The Bank of England raise base rate for second time in a year
Industry News4th August 20180 CommentsLizzy Doherty
The Bank of England have officially announced the second base rate rise in less than a year, bringing the new rate from 0.5% to 0.75%
Though the rise may not seem too substantial, combined with the earlier rise of 0.25%, in November 2017, the increase will see a big impact on savings accounts, loans and mortgages as it finds itself at the highest rate since 2009.
Affecting both savers and borrowers, the announcement is set to shake up finance in the UK, with savers set to benefit, but borrowers suffering.
Those with standard variable rate or tracker mortgages are set to take the biggest hit, with monthly payments becoming more expensive.

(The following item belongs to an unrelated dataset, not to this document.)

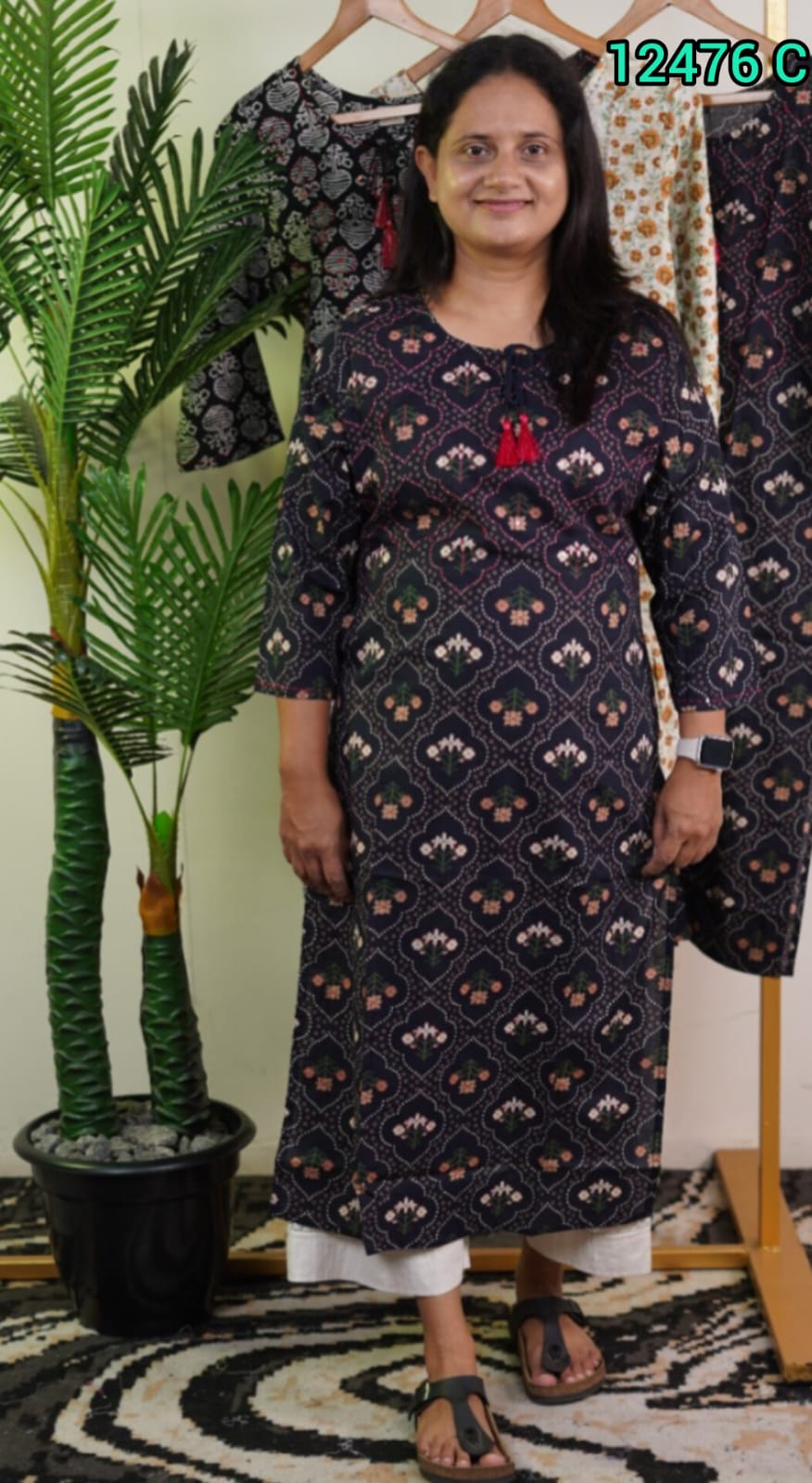 Daily wear Rayon Printed Kurthi Collections 12476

Fixed rate mortgage borrowers may be safe for now but will most likely experience a rise once their fixed rate term has ended, again resulting in higher monthly payments.
When the base rate rises, saving rates often do the same, dependent on the bank/ building society policy. They have the say on whether they choose to increase in line with the bank rate fully, partially, or not at all! And with the Bank of England reporting that ISA’s didn’t show much change after the November increase, the potential of benefit to savers is somewhat questionable.
it is predicted that the average cash ISA saver with £11,200 could bag £28 more a year in interest, benefiting slightly, but maybe not as much as the saver initially thought.
Of the recent base rate increase and what this means for you, Sedulo Funding Solutions Partner, Leyton Jeffs, Commented:
“Whilst the increase in base rate looks small in only a 25bps rise, it is important to note that the bank rate has trebled in less than a year. This will result in those with more debt suffering the most, meaning the greatest impact is on the most vulnerable. Whether looking at finance or saving, I would always recommend getting independent advice before taking the plunge as often there are more appropriate products in the market attracting better rates.”